Se o Invisível não foi o primeiro blanc de noirs de Portugal (Luís Pato e José Gaspar já tinham feito experiências nesta matéria), por que razão este vinho se impôs no mercado? Terá o enólogo explorado alguma técnica inovadora? Será que se preencheu uma lacuna de ligação entre comida e vinhos em Portugal? A resposta parece-nos simples: o Invisível é um sucesso porque Duarte Leal da Costa é – sem doutoramentos em gestão – um marketeer com paixão.

A maioria dos produtores lança vinhos por lançar; ele não lança nada sem criar uma bela narrativa à volta do vinho. E, no contacto com o consumidor, com o dono de uma garrafeira, com o dono de um restaurante ou com uma cadeia de distribuição, ele, com aquela maneira de ser alentejana, encanta quem tem pela frente. Mesmo que, por vezes, exagere.

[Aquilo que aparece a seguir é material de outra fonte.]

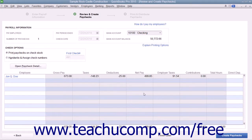In the next screen, select whether the check should be printed or assigned a check number in the Check Options section.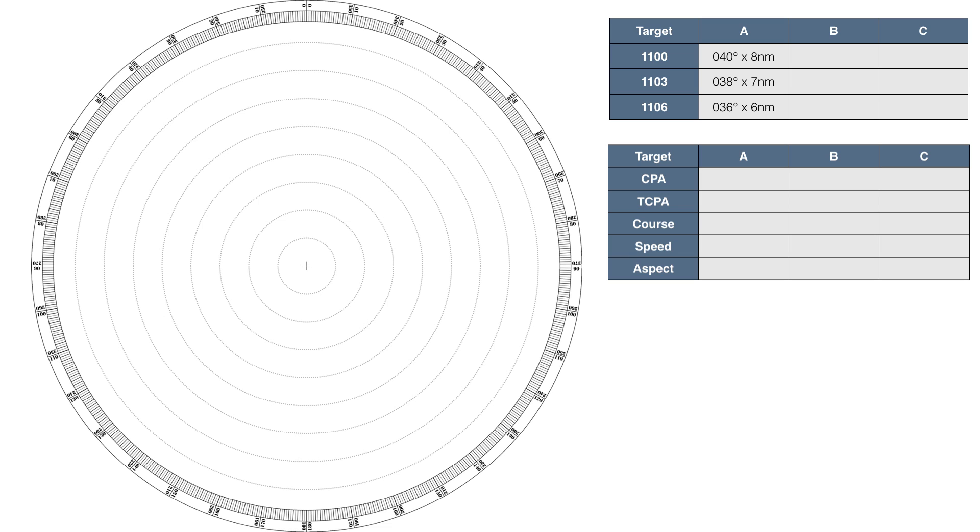To show the basics, I am only going to plot a single target. In reality, you can plot multiple targets at the same time. The first thing we've got to do is get our plotting sheet. These are usually carried on board your vessel and will look similar to the one shown here. If you wish, you can download a copy from my website, and the links in the description below.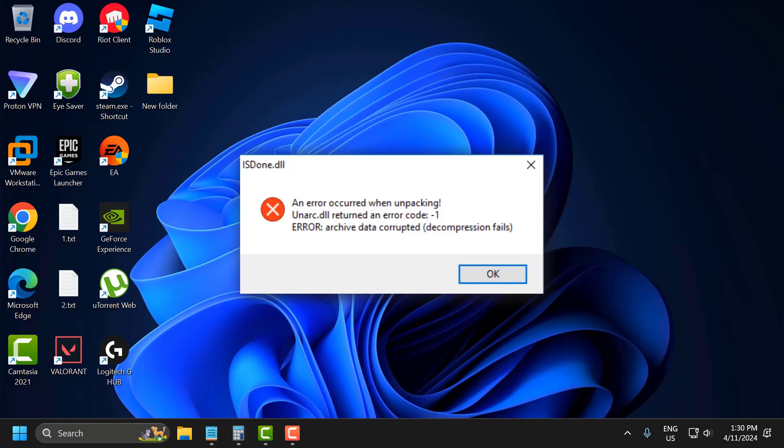Hello guys, welcome to my channel. Today we are going to see how to fix an error when unpacking unarc.dll. Returned an error code minus 1. Error archive data corrupted. Decompression fails.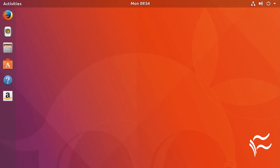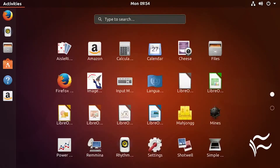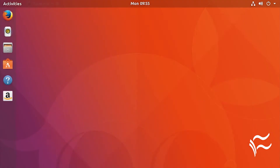Easy. With a single command you can enjoy those standard fonts like everyone else. I will demonstrate on a Ubuntu Linux 17.10 installation. To do this, open up a terminal window and issue the command: sudo apt install msttcorefonts.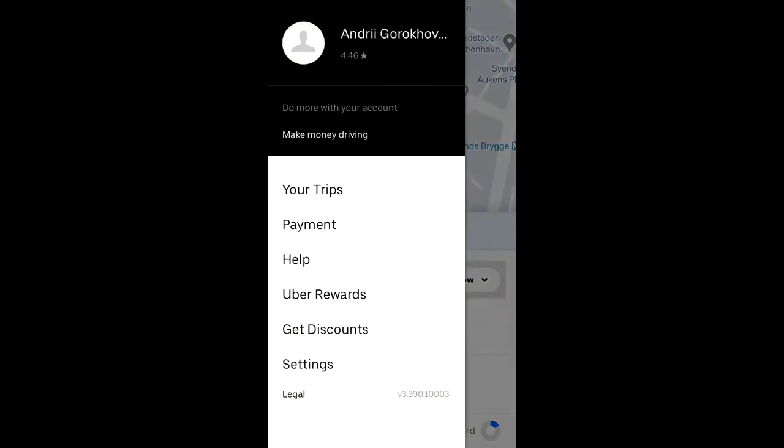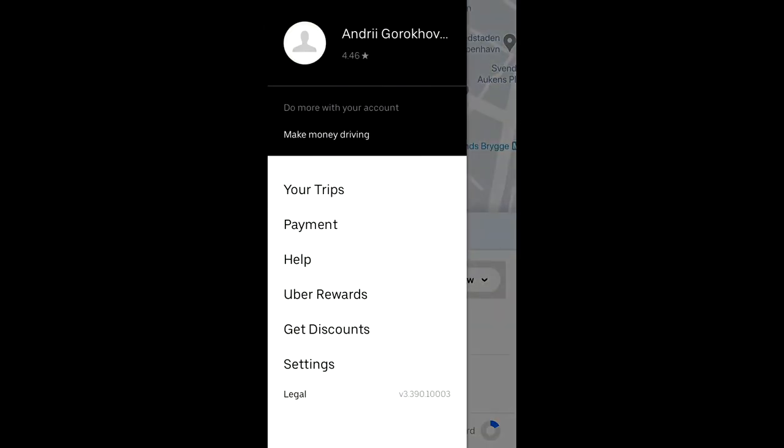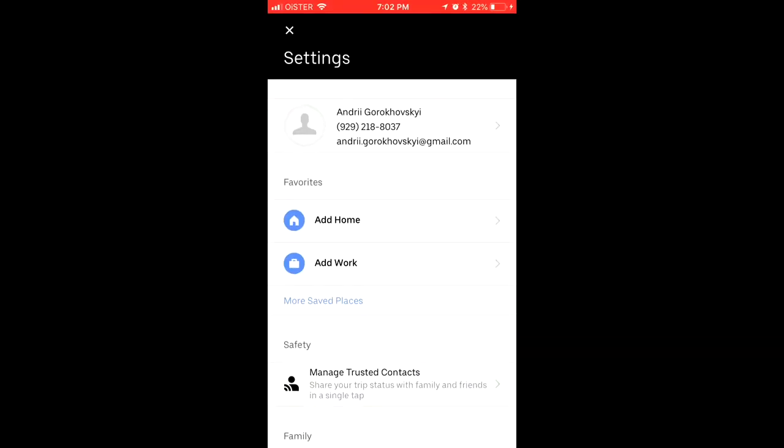So here's the Uber app, just go here to the settings and go to settings again.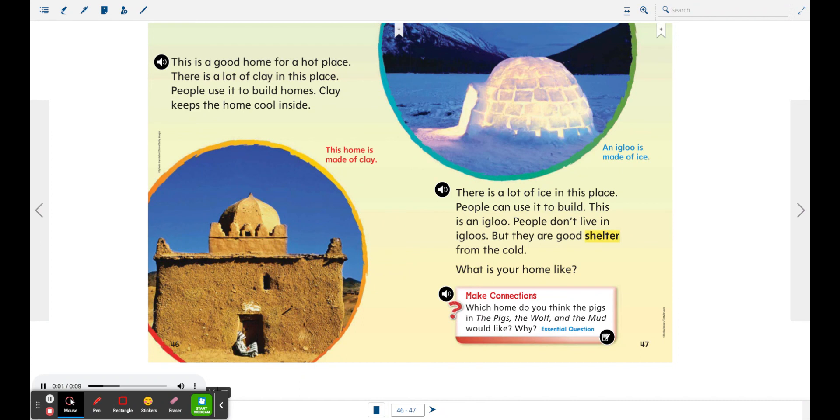Make connections. Which home do you think the pigs in The Pigs, the Wolf, and the Mud would like? Why?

Por exemplo, há uns anos promoveu uma vertical de Invisível em Lisboa com o objectivo de demonstrar que o vinho aguentava qualquer comida que a malta do Solar dos Presuntos nos metesse à frente. Na realidade – e apesar de o vinho até melhorar com dois ou três anos – o Invisível não é uma Maria vai com todos (longe disso), mas Duarte é capaz de dar a volta ao mundo para dizer que o seu Invisível tanto aguenta ostras como arroz de marisco, cabrito ou uma fatia de pudim do Abade de Priscos. Claro que não aguenta tanto, mas, para ele, pouco interessa. O que interessa é a paixão que mete num vinho que é a menina dos seus olhos. Nisso, é um mestre.

Nome Invisível 2022 Blanc de noirs

Produtor Ervideira

Castas Aragonês

Região Alentejo

Grau alcoólico 13 por cento

Preço (euros) 13,50

Pontuação 90

Autor Edgardo Pacheco

Notas de prova Fazer um blanc de noirs sem recurso a muita tecnologia enológica não é coisa fácil. Nós, que acompanhamos esta marca desde que nasceu, sentimos que tem havido uma maior preocupação com o perfil aromático do vinho, que caminha para aquele lado das flores brancas e ervas aromáticas (mas tudo delicado). Na boca, há frescura, alguma untuosidade e doçura. E é esta doçura que faz que o vinho seja uma boa companhia para comidas asiáticas, picantes ou não.